Preservationists have filed a lawsuit to prevent developer, El Ad Group from turning a historic clock tower into a luxury triplex.
“What’s next? The sale of the observation deck of the Empire State Building for use as a billionaire’s private barbecue patio? Will Central Park be sold off as a real estate developer’s private garden?” demanded Thomas Bernardin of Save America’s Clocks, one of several non-profit plaintiffs in the lawsuit.
Last Thursday, clock master Marvin Schneider and his protegee Forest Markowitz led the coalition of preservationists, environmentalists and horologists who filed the lawsuit in the New York Supreme Court in an effort to block modifications to a what they say is a previously protected historical landmark.
Every eight days for the past 35 years, Schneider — New York City’s official Clock Master — and Markowitz traveled to the New York Life Building at 346 Broadway in Tribeca to wind the 19th Century mechanical tower clock perched atop its roof.
During their visits, Clock Master and protégé also provided guided public tours of the various tower clock rooms.
However, the Landmarks Preservation Commission has approved a plan which allow El Ed Group to convert the three landmark rooms housing the tower clock, its mechanism and machinery, and not-for-profit public art gallery, into a luxury triplex penthouse.

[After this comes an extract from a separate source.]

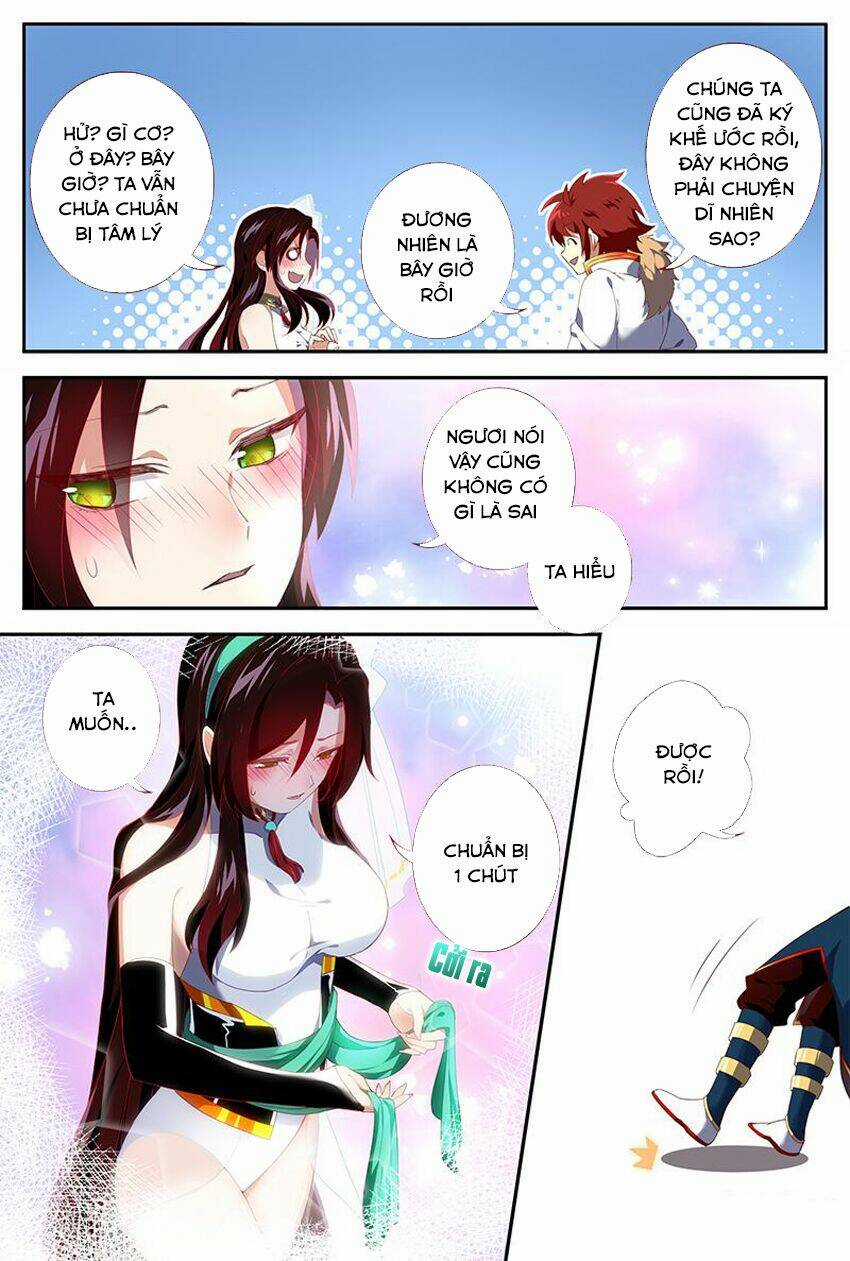 Võ Thần Không Gian Chapter 33 trang 5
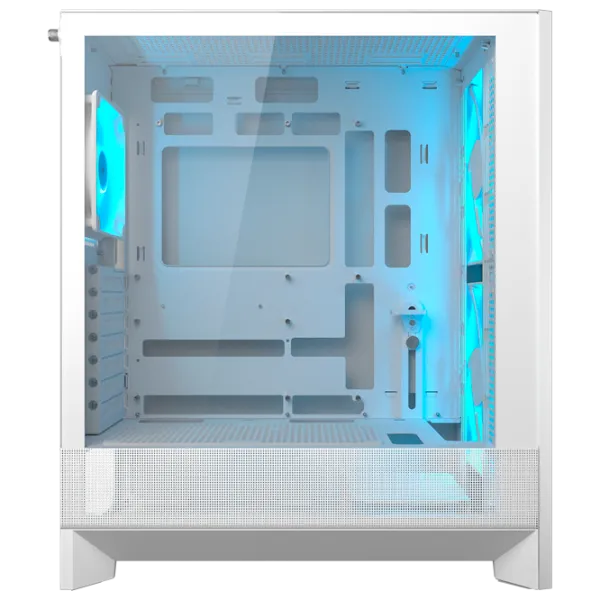 Carcasă Cougar Airface 180 Mid Tower / White photo 6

According to the lawsuit, the plan includes dismantlement of the clock’s historic (non-electric) mechanism — one of the primary reasons for its designation as a landmark in the first place — and its conversion into a run-of-the-mill electrical one.

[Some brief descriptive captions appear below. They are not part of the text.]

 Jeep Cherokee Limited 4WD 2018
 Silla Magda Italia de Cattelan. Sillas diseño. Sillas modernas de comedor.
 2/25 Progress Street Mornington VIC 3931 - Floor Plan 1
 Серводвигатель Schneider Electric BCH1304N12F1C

If the Commission’s decision is not overturned, the New York Life Tower Clock – which, according to Christopher DeSantis, author of Clocks of New York: An Illustrated History is the only one of its kind remaining in the Western Hemisphere and one of only two in the entire world – will be lost forever.
The New York Life Tower Clock has a 5,000 pound bell (which is twice the size of the Liberty Bell), and a 1,000 pound weight that powers its swinging pendulum, making it “a living architectural fossil, a last vestige of a by-gone era to be treasured and preserved,” added the author.

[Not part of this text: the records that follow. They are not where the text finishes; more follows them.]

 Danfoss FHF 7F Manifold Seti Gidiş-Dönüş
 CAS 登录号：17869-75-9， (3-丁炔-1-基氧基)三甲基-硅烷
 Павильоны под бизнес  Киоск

Michael Hiller, the Coalition’s lawyer contends that, in addition to the historic significance of the Tower Clock, “there is a larger public policy issue at stake.
According to Hiller, “approval of a plan that converts a New York City Landmark into a private luxury condominium, constitutes the privatization of public assets.
“This is likely the first time ever that the City has allowed an interior landmark to be sold off for use as a private living space, to be completely fenced off from public view.”
El Ad Group declined to comment on the lawsuit.